**Available data**
•••
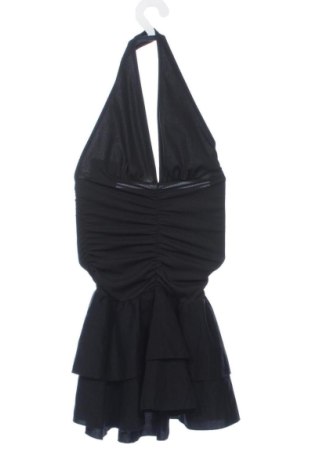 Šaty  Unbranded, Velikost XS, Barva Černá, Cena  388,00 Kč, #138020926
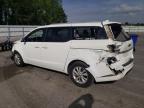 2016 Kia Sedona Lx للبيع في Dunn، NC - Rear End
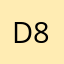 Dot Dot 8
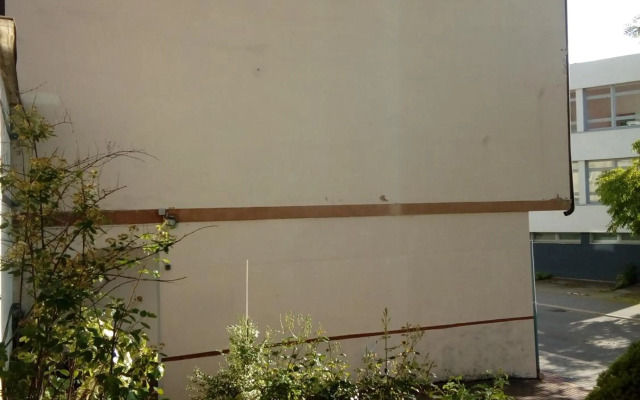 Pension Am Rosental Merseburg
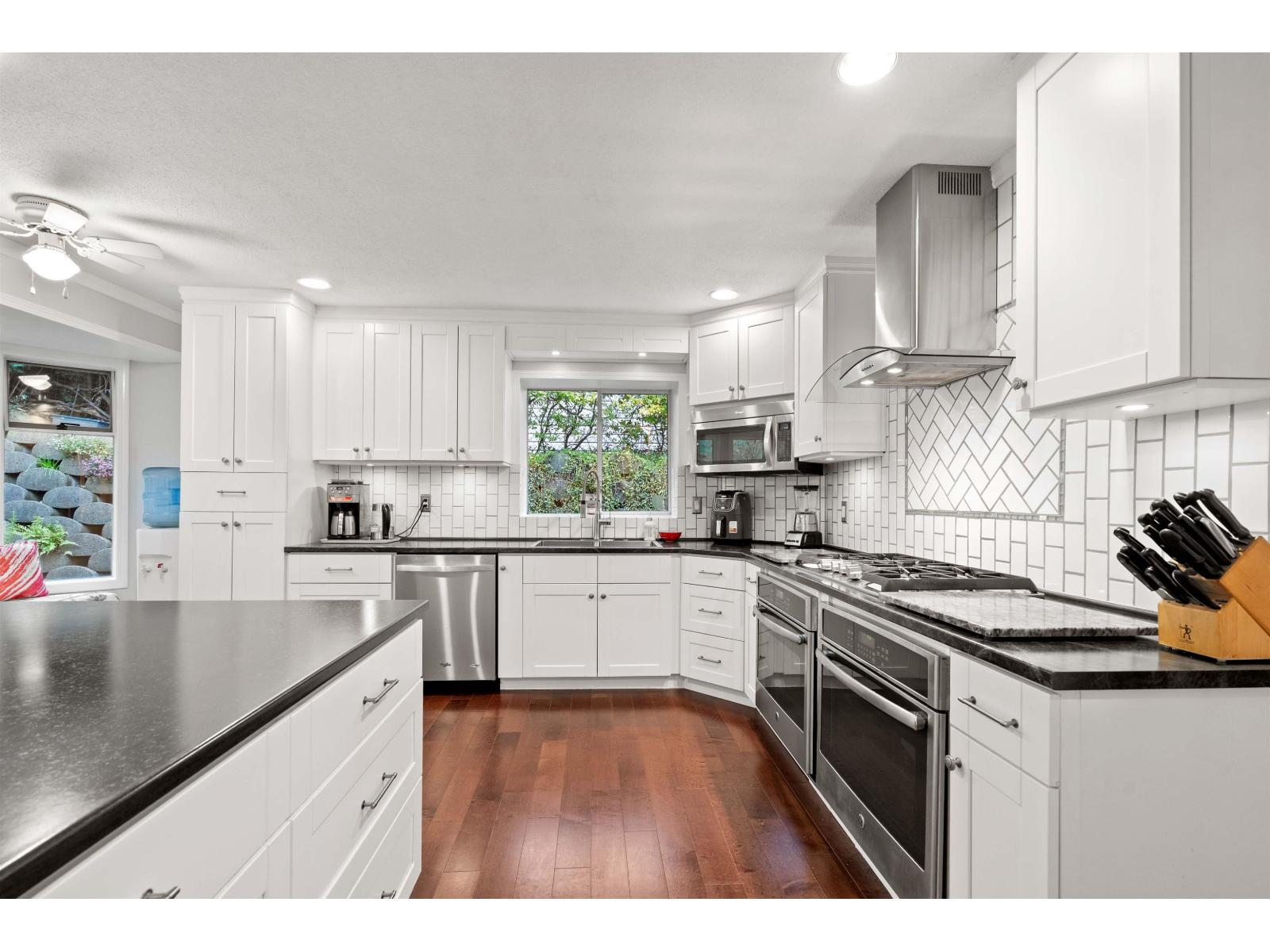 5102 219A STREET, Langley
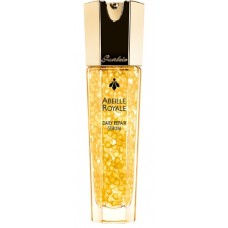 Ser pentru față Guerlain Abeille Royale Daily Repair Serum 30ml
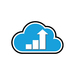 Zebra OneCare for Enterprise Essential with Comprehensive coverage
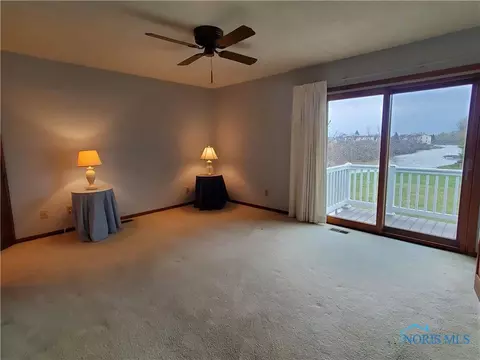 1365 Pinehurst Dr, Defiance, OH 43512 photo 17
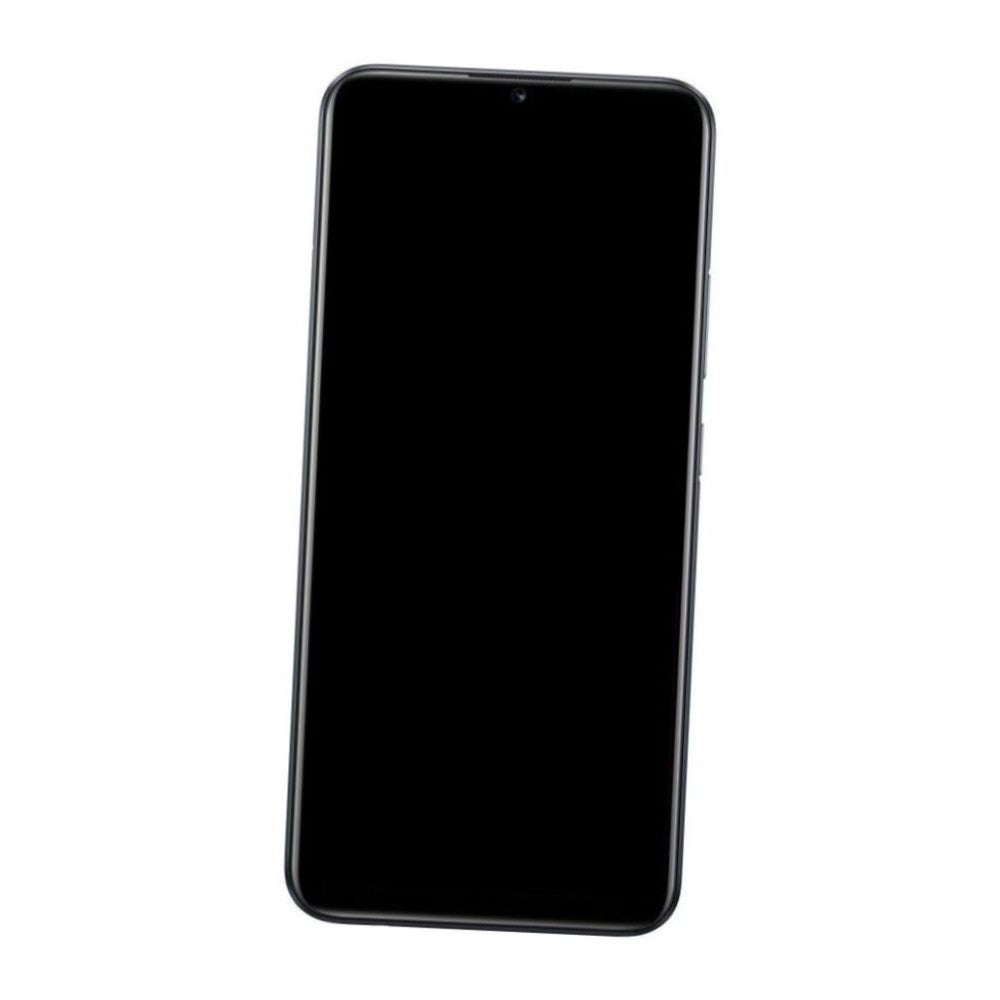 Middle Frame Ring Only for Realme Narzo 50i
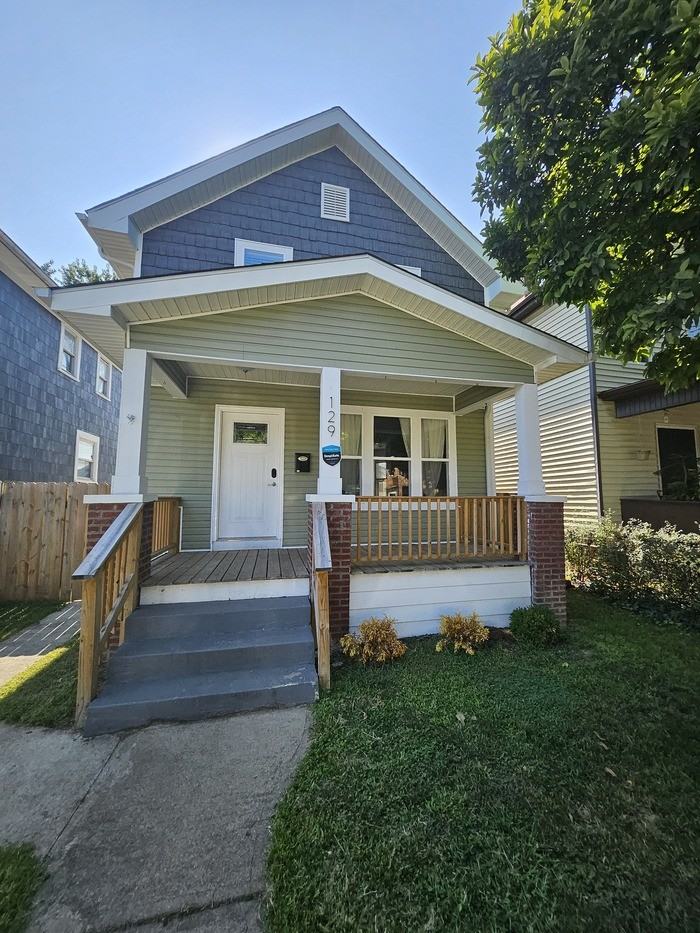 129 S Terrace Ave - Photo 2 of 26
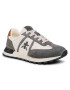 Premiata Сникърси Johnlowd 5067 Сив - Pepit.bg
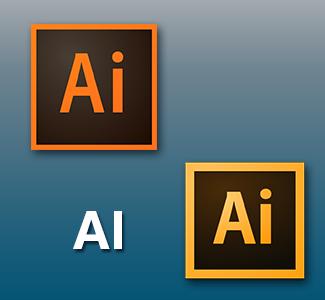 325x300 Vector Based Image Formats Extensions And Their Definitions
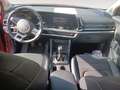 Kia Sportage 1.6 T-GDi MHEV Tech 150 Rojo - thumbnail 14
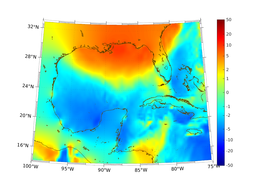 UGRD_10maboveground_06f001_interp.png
•••
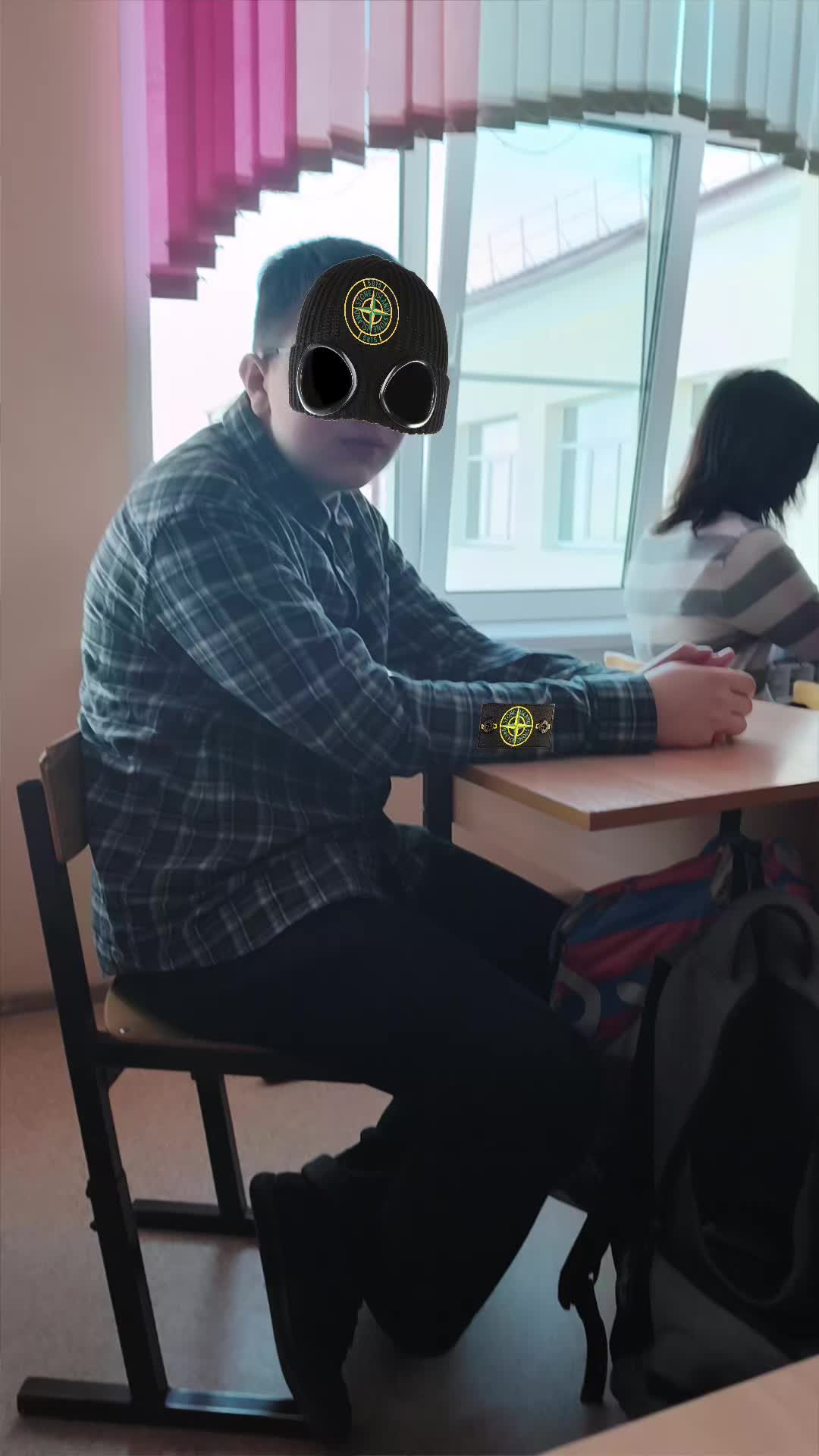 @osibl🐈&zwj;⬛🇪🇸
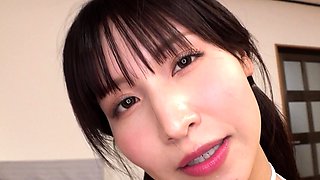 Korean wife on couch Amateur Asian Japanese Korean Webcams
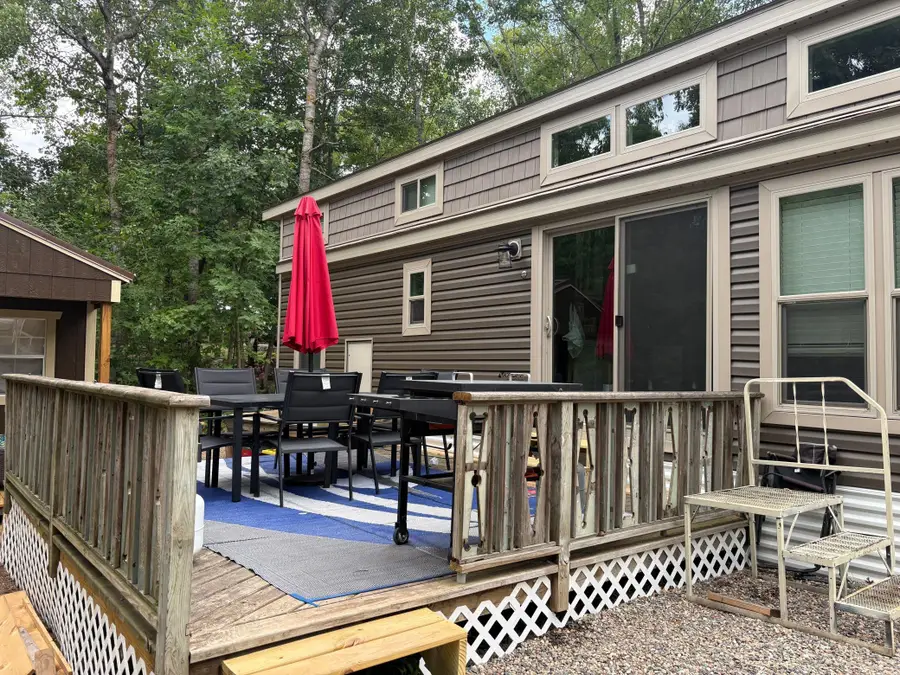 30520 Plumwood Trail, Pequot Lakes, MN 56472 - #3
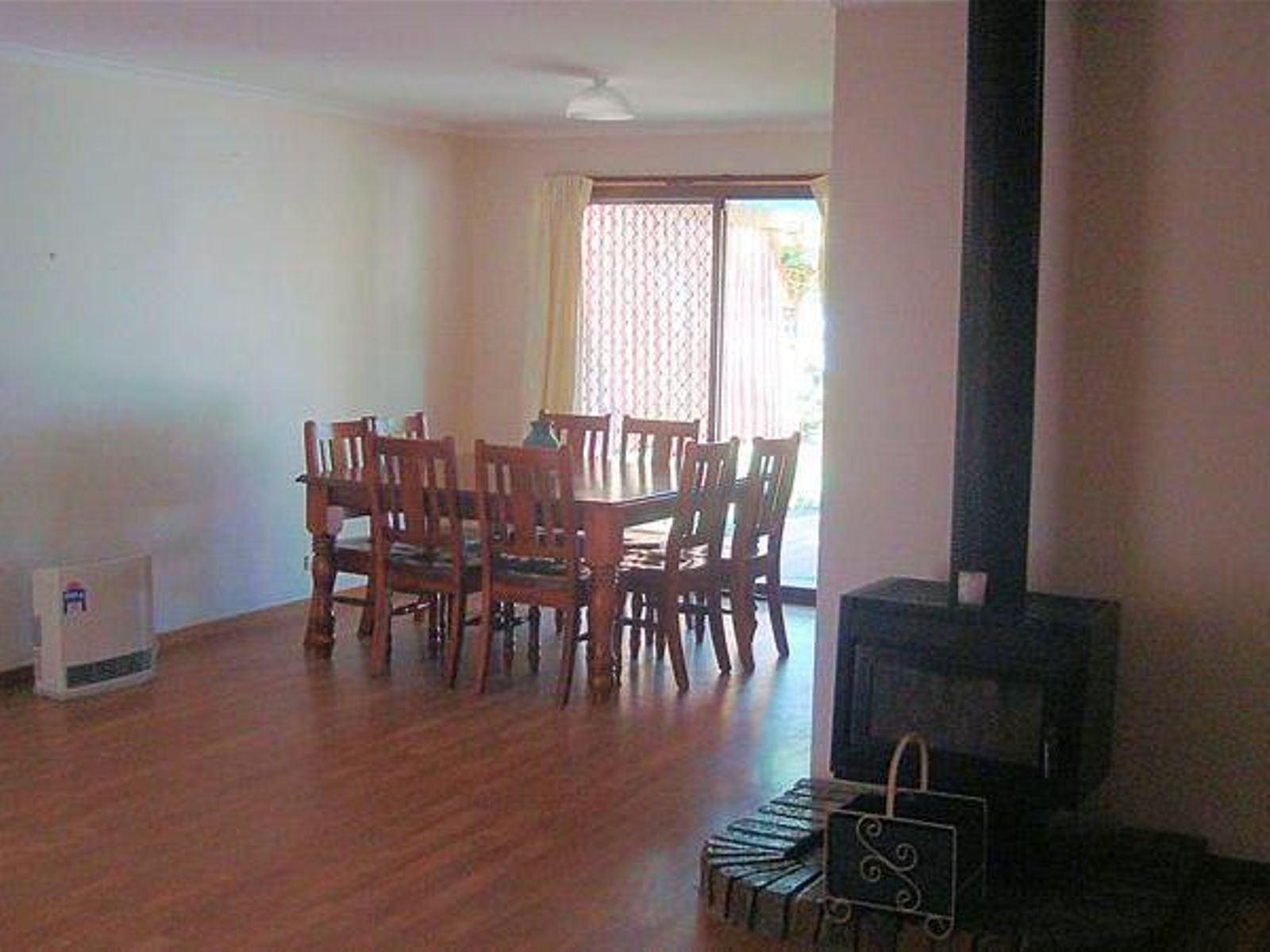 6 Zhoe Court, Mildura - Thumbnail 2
•••
**What is required**
Taking the entries above, extract every line from the one bearing "Kia Sportage 1.6" through the one bearing "UGRD_10maboveground_06f001_interp.png", exactly, with no pictures.

**Output of the task**
 Kia Sportage 1.6 T-GDi MHEV Tech 150 Rojo - thumbnail 14
 UGRD_10maboveground_06f001_interp.png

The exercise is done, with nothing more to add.